Prime Minister Dmitry Medvedev publicly lauded the advance on Monday, as did President Vladimir Putin, but warning his country still needs to be financially vigilant.
“The World Bank has concluded that Russia has the purchasing power of the fifth economy in the world. According to this indicator, we are ahead of the Federal Republic of Germany. But we have a lot of areas that still need special attention”, Putin said at a socio-economic meeting in the Sakhalin region, an energy rich Far East island north of Japan where Rosneft just put the final touches on a new drilling platform ‘Orlan’ in the Sea of Okhotsk. Sakhalin-1, a joint venture with Japan, India, and the US, has reserves of 2.3 billion barrels of oil and 485 billion cubic meters of gas.
In June, the World Bank cut its growth forecast for Russia to less than 2.2 percent in 2013 and 3 percent in 2014, after revising January forecast the economy would grow by 3.6 percent in and 3.9 percent in 2014. This is the ‘new normal’ for lethargic global demand and momentum, according to the report’s author Andrew Burns.
The World Bank rating differs from the International Monetary Fund, where Russia is listed as the eighth largest economy with a GDP of $2 trillion. The same matrix calculates the US GDP as the first with $15.7 trillion, China second with $8.2 trillion, Japan third with $6 trillion, Germany fourth with $3.4 trillion, France fifth with $2.6 trillion, the United Kingdom sixth with $2.4 trillion, and Brazil seventh with $2.4 trillion.
The purchasing power parity rate is determined on how many goods and services $1.00 can buy in different countries.
Rankings were only assigned to economies with confirmed PPP GDP estimates.
Commentary: though this report does point to something relevant, it is easy to misunderstand what it really says about the Russian economy or, for that matter, the US economy. First, purchasing power parity (PPP) is a rather weird economic indicator. The excellent “Simple English Wikipedia” explains it with a well chosen example:
Purchasing Power Parity (PPP) is measured by finding the values (in USD) of a basket of consumer goods that are present in each country (such as orange juice, pencils, etc.). If that basket costs $100 in the US and $200 in England, than purchasing power parity exchange rate is 1:2.

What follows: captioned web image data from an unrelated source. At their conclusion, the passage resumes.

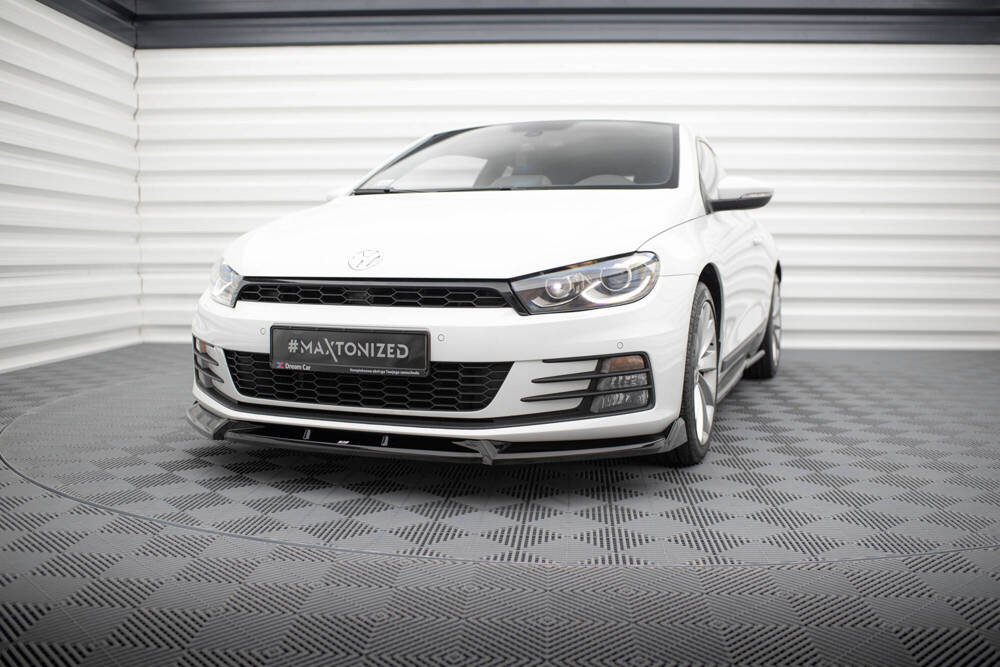 Voorspoiler V.2 Volkswagen Scirocco FL Maxton Glans Zwart
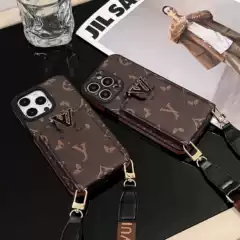 Foreign trade luxury diagonal cross flower suitable for Apple 17 Promax phone case iPhone 15 detachable lens 12 card bag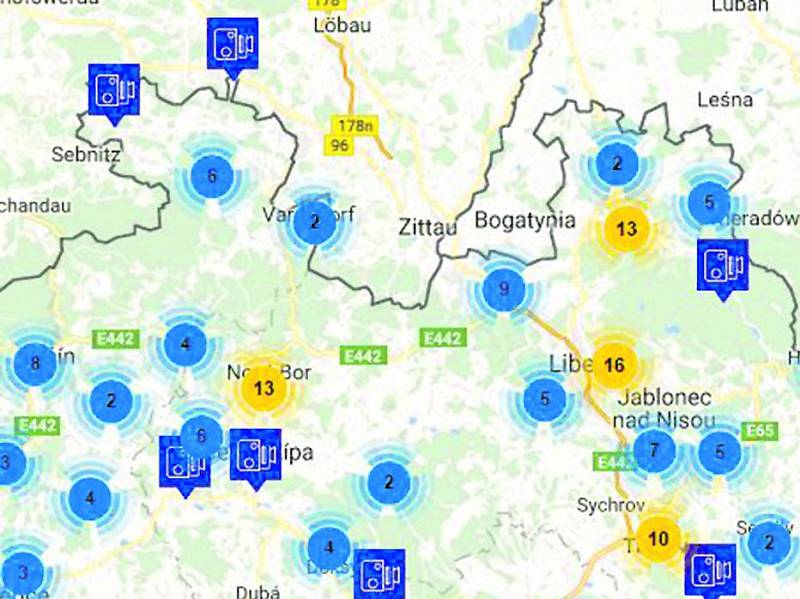 Kde se špatně jezdí? Výsek interaktivní mapy, kterou zveřejnila Policie ČR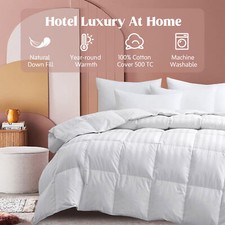 King or Queen Size Natural Down Feather Comforter Year Round 500TC Cotton Cover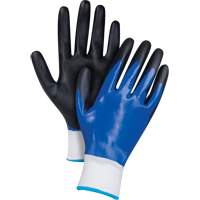 Gants enduits noir & bleu, Moyen, R&ecirc;vetement Mousse de nitrile, Calibre 15, Enveloppe en Nylon Trail Hammer and Bolt
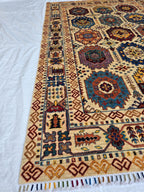 6x8ft Afghan Kazak Rug – Hand-Knotted Wool Area Rug, Tribal Geometric Design, Multicolor Carpet for Living Room or Office, Bedroom Rug
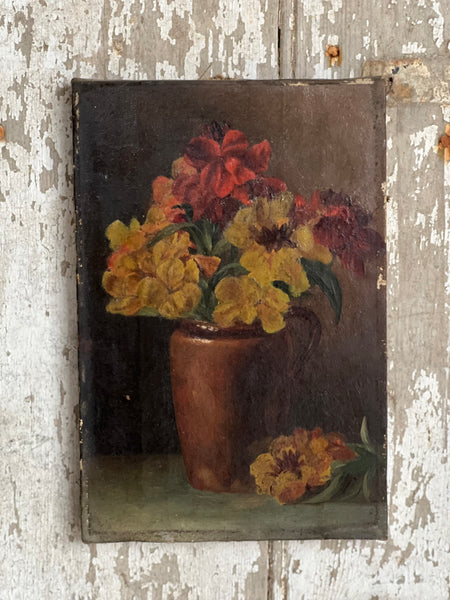 Beautiful Dark French Floral Oil on Canvas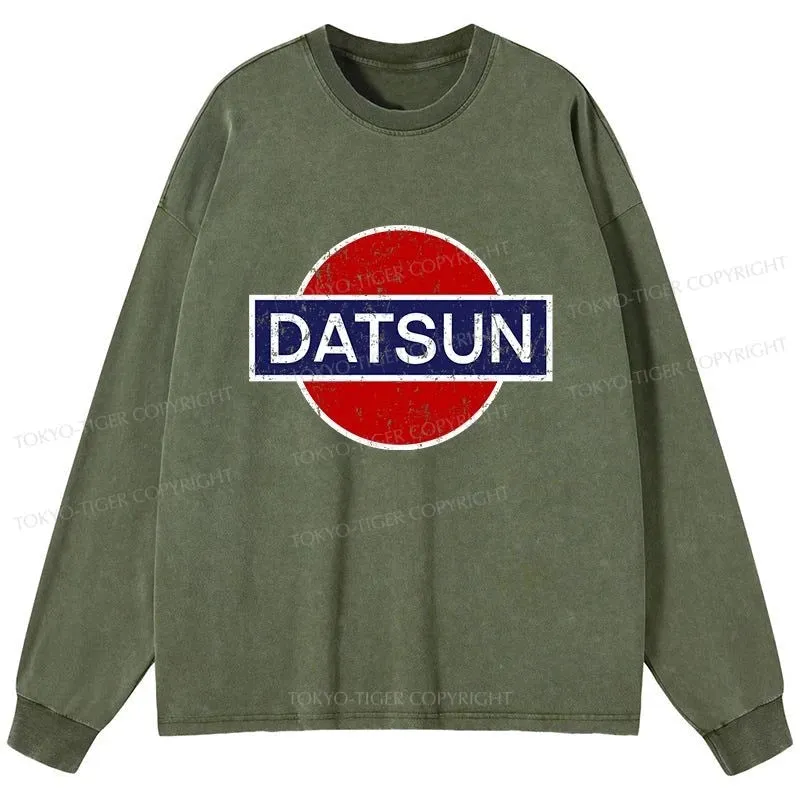 Tokyo-Tiger Datsun Vintage Car Washed Long Sleeve T-Shirt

Clearly PPP is centered on the costs of living and not really on how much is produced by an economy. In simple terms, it measure how “relatively rich” the population is. Gross Domestic Product (GDP) is also a weird indicator (check here for more details).
What I am getting at here is that when the media says that “Russia displaces Germany” by the size of its economy this elicits images of Russian manufacturers outperforming BMW, Siemens or Deutsche Telekom. This is not so. Simply put, the huge natural reserves of Russia, in particular in energy products, generate a lot of wealth in Russia and this output of raw materials has a direct impact on both the PPP and the GDP. So yes, there is a lot of money in Russia but no, this is not the result of the Russian economy outperforming Germany’s in manufacturing or services. BTW – if the Russian PPP and GDP as skewed by the export of Russian raw materials, the US PPP and GDP are skewed by the huge size of the US banking/financial sector which also does not really “produce” anything. Bottom line: PPP and GDP are tricky indicators which should not be used as a way of measuring the “real world” capabilities of an economy.